## Assignment
In the entries below, find the line with "Exterior - 5151" and the line with "远离续航焦虑，可上绿牌，这4款15万左右的插混"; reproduce those two lines and all lines between them exactly, without pictures.

## Input data

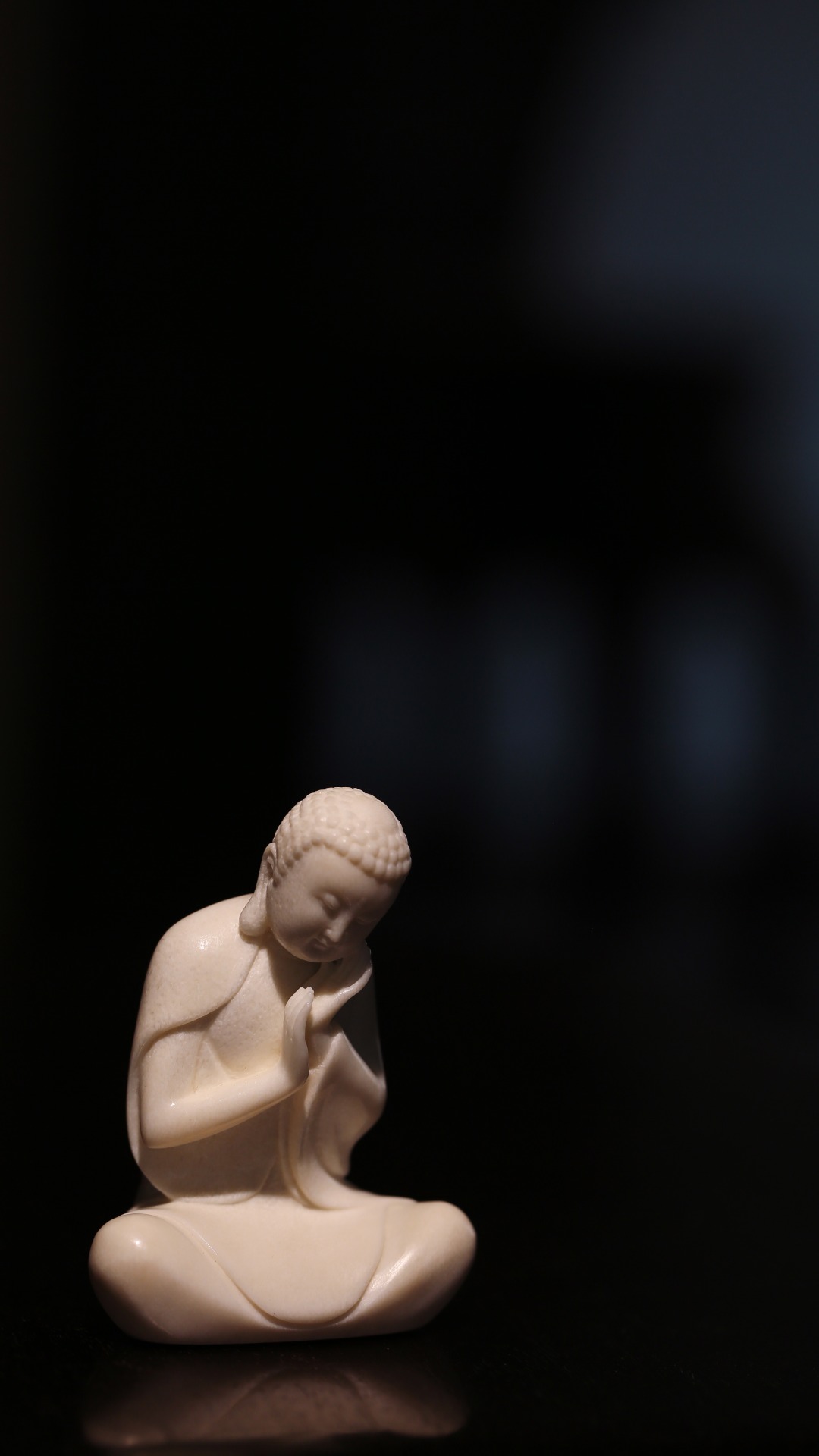 鹿角 冥想 · 佛4.6*2.8*6.2cm 重40.5g
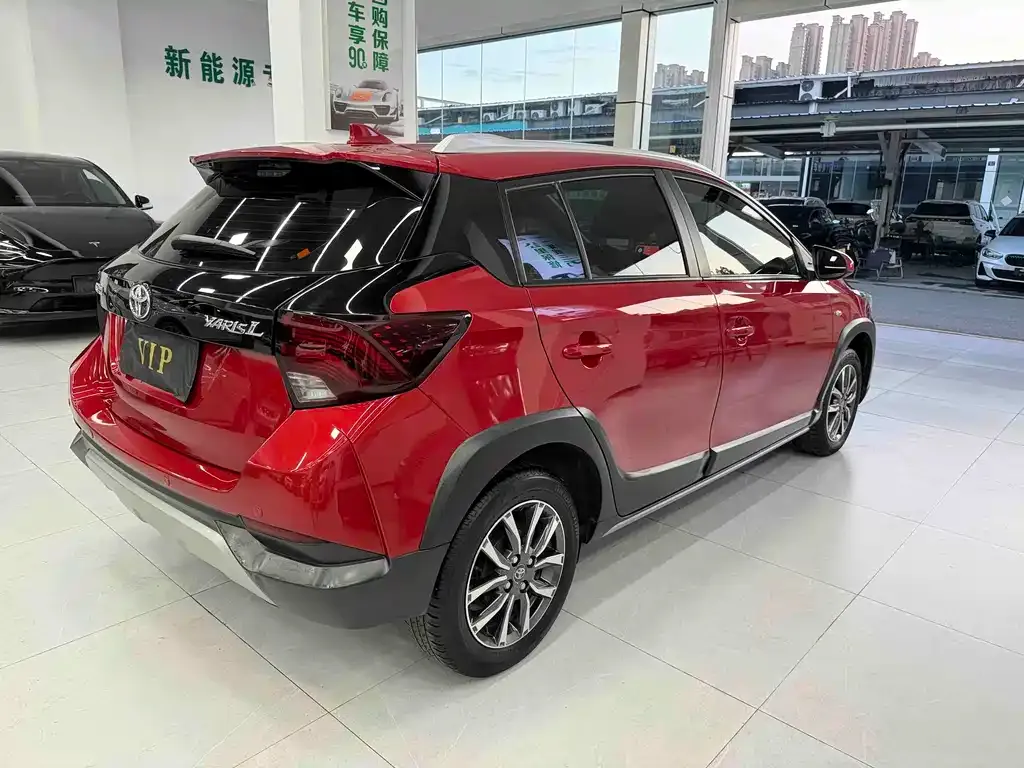 Toyota Yaris L — фото 10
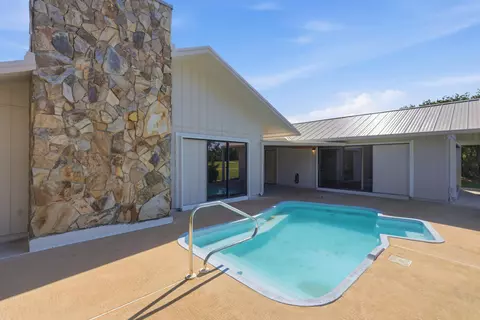 Exterior - 5151 SE Burning Tree Cir, Stuart, FL 34997 photo 8 of 18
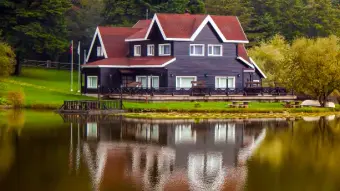 Absentee Homeownership 101: What It Means, Risks to Avoid, and How to Manage a Property From Afar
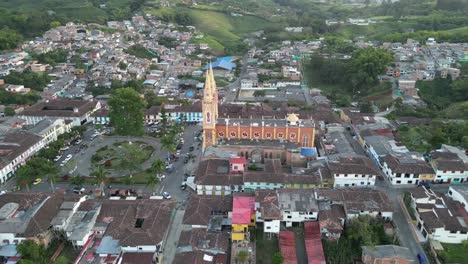 Iglesia-Y-Parque-Central-Del-Pueblo-Andino-De-Marsella-En-El-Departamento-De-Risaralda-En-El-Triángulo-Del-Café-Colombiano.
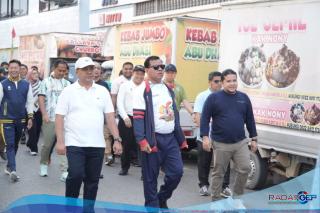 Gerak Jalan Santai HUT ke-26 Kuansing Banjir Peserta, Bupati Ajak Satukan Langkah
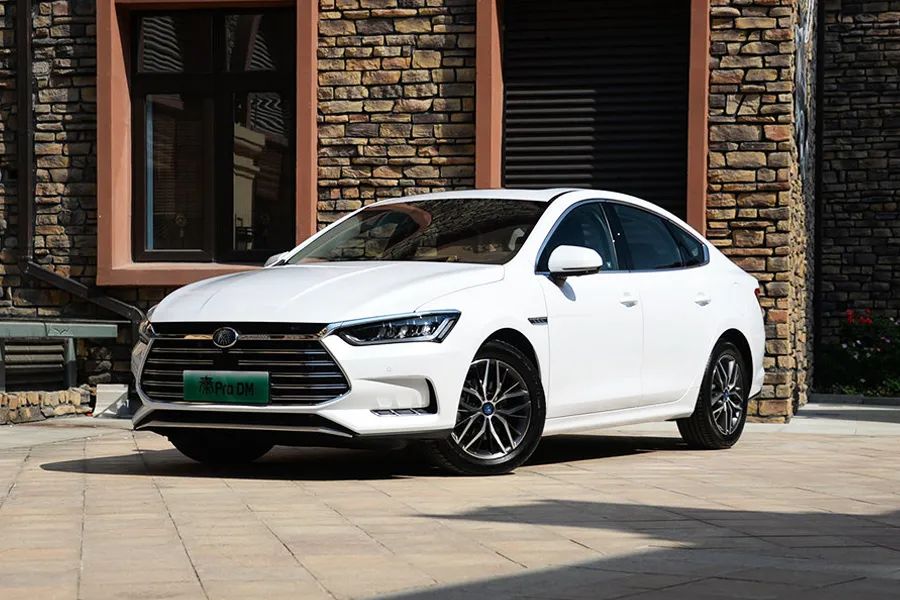 远离续航焦虑，可上绿牌，这4款15万左右的插混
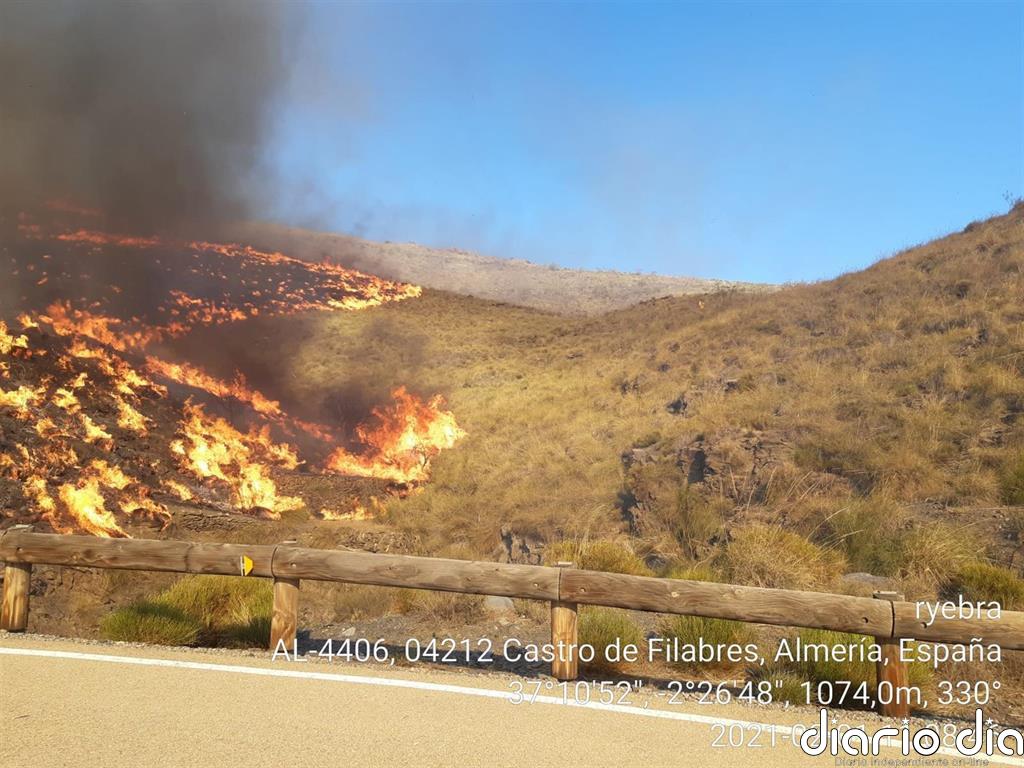 Dos aviones anfibio se incorporan al incendio de Castro de los Filabres (Almería), afectado por vientos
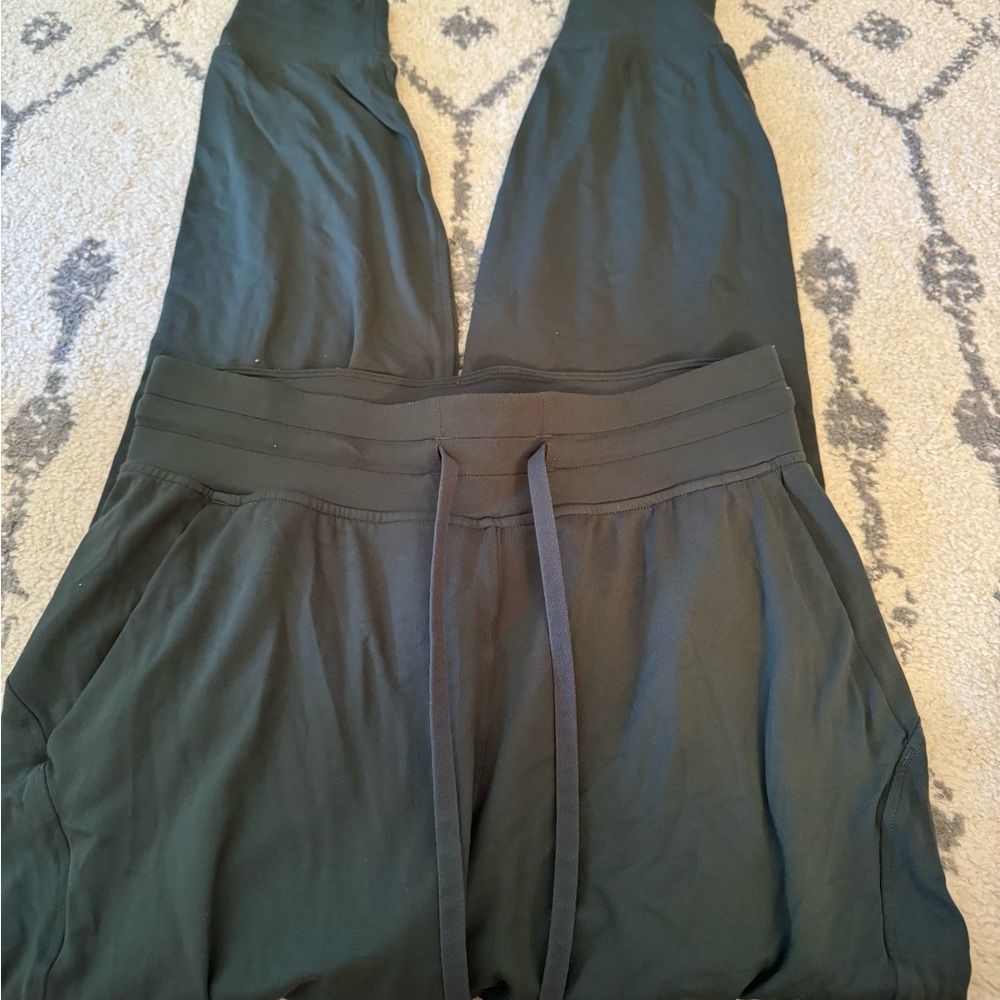 Lululemon ready to rulu joggers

## Solution to the exercise
 Exterior - 5151 SE Burning Tree Cir, Stuart, FL 34997 photo 8 of 18
 Absentee Homeownership 101: What It Means, Risks to Avoid, and How to Manage a Property From Afar
 Iglesia-Y-Parque-Central-Del-Pueblo-Andino-De-Marsella-En-El-Departamento-De-Risaralda-En-El-Triángulo-Del-Café-Colombiano.
 Gerak Jalan Santai HUT ke-26 Kuansing Banjir Peserta, Bupati Ajak Satukan Langkah
 远离续航焦虑，可上绿牌，这4款15万左右的插混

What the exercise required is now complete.